Your assignment |
In the records below, find the line that contains "رنگ آمیزی رنگ کناف سقف" and the line that contains "Philips OneBlade sponsor olur Team Gullit"; write out exactly those two lines and everything between them, without the pictures.

Exercise data |
=== Section Start ===

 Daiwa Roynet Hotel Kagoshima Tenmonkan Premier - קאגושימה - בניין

=== Section End ===
=== Section Start ===

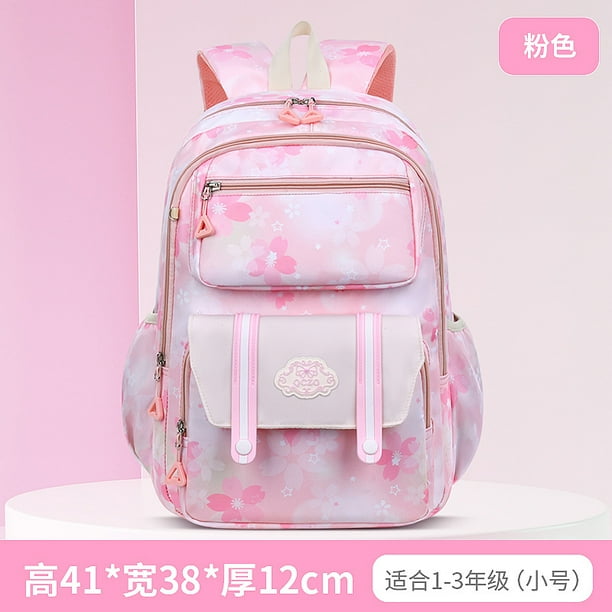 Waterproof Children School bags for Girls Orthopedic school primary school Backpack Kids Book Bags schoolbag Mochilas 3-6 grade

=== Section End ===
=== Section Start ===

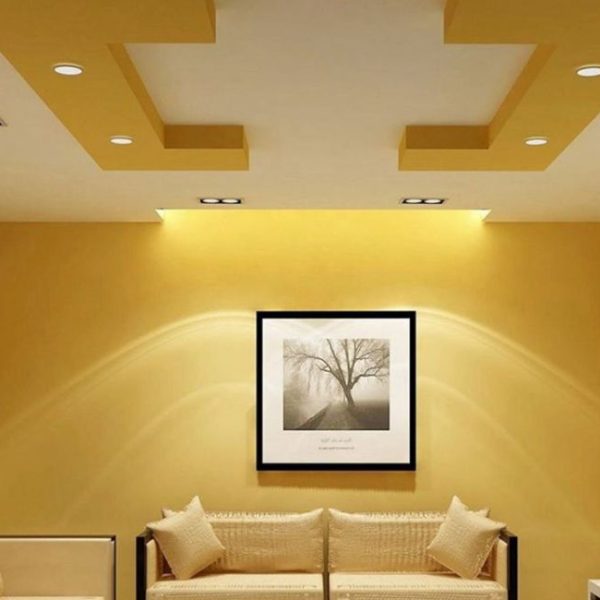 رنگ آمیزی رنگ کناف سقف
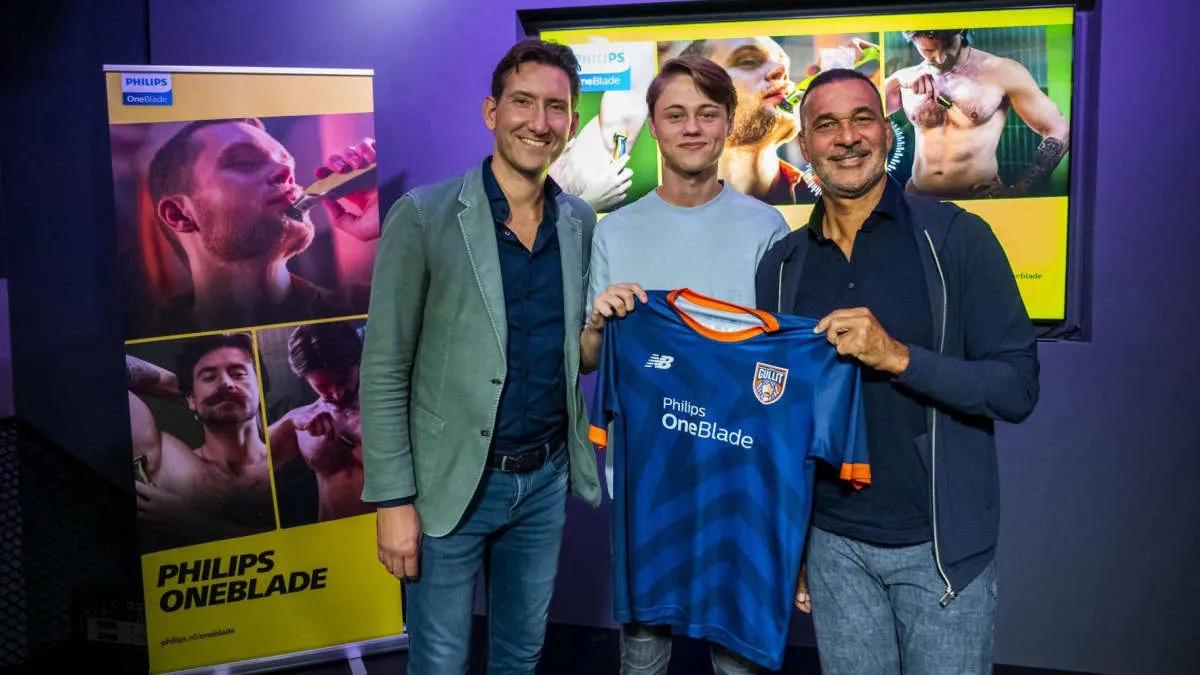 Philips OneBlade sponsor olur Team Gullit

=== Section End ===

Written response |
 رنگ آمیزی رنگ کناف سقف
 Philips OneBlade sponsor olur Team Gullit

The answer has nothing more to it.